Dans votre carrière, vous avez arbitré les plus grands événements masculins et féminins : est-ce qu’on arbitre de la même façon les joueuses que les joueurs ? Le haut niveau commence à être plutôt identique. Après, ce sont des jeux complètement différents, des tactiques totalement différentes. Il y a un jeu plus ouvert et plus axé vers l’avant chez les filles, tandis que chez les garçons, c’est plus tactique, plus préparé. Chez les filles, on sent cette envie permanente de marquer, tandis que chez les garçons, c’est plutôt de ne pas prendre de but. Au niveau des comportements en revanche, c’est la même chose : les joueuses sont des compétitrices et quand on ne prend pas les bonnes décisions, elles sont aussi contestataires que les garçons.
Quand vous êtes sur le terrain, à proximité des plus grands joueuses et joueurs du monde, est-ce vous avez déjà été impressionnée footballistiquement parlant ? Pas par une joueuse ou un joueur en particulier.
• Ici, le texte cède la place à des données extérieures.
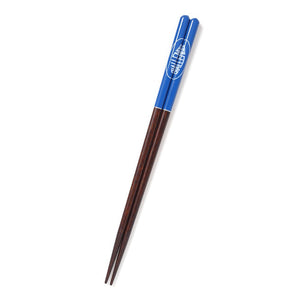 【CHALLENGER|チャレンジャー】LOGO CHOPSTICKS/ロゴチョップスティック(BLACK, BLUE) - STREAM【CHALLENGER|チャレンジャー】LOGO CHOPSTICKS/ロゴチョップスティック(BLACK, BLUE)STREAMBLUE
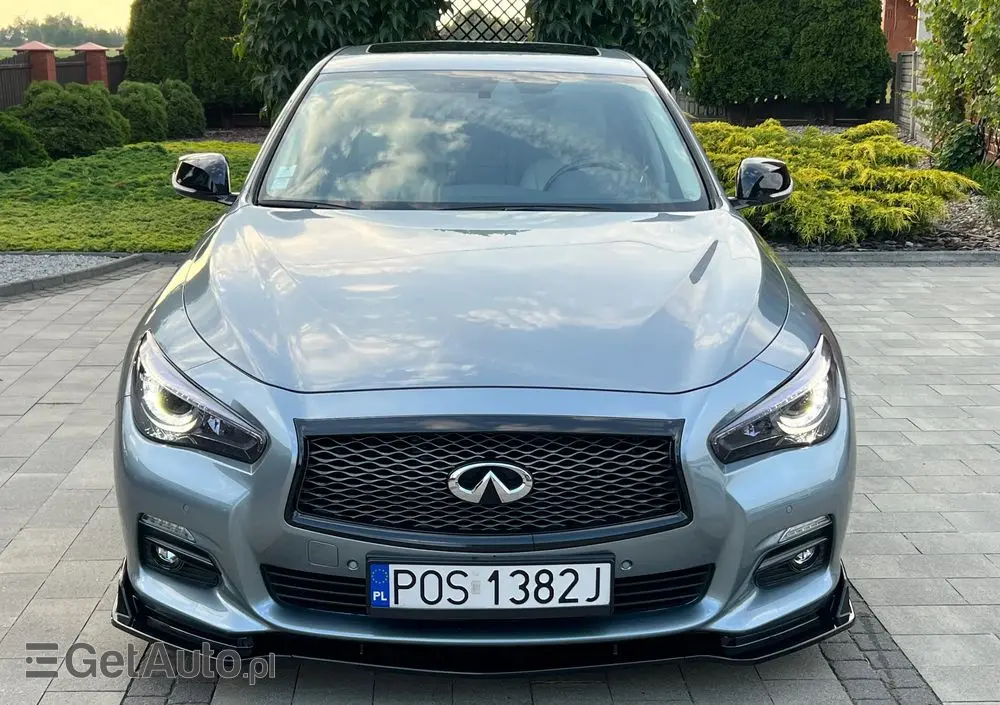 INFINITI Q50 Hybrid Premium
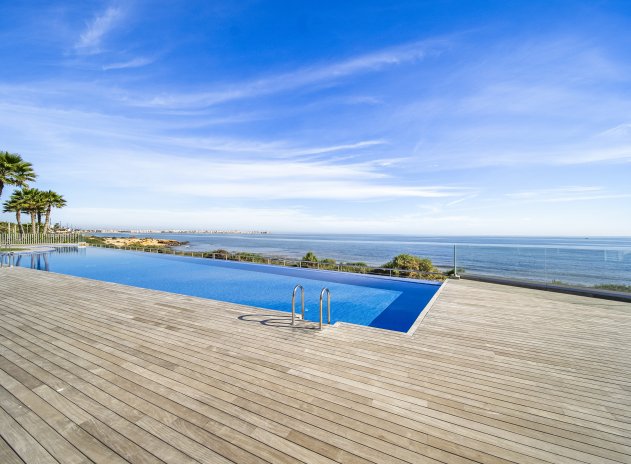 Resale - Apartment / Flat * - Torrevieja - Punta Prima *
Je dirais que c’est l’expression collective de certaines équipes qui m’intéressent. Il y a pas longtemps, chez les filles, le Manchester City-FC Barcelone que j’ai arbitré était très impressionnant en matière de technique de jeu. Au niveau de la vitesse d’exécution, la lecture du jeu, d’avoir toujours un coup d’avance. C’était très intéressant à arbitrer.
Ce serait quoi le moment le plus insolite de votre carrière ?
Si on reste sur la partie sexiste et misogyne, je me rappelle un match en championnat régional où quand je suis arrivée au stade, on m’a demandé qui j’étais. Lorsque j’ai répondu que j’étais l’arbitre centrale du jour, mon interlocuteur m’a dit : « On ne peut pas faire pire qu’une femme. » Ce qu’il y a de mieux à faire dans ces moments-là ? Ne pas répondre.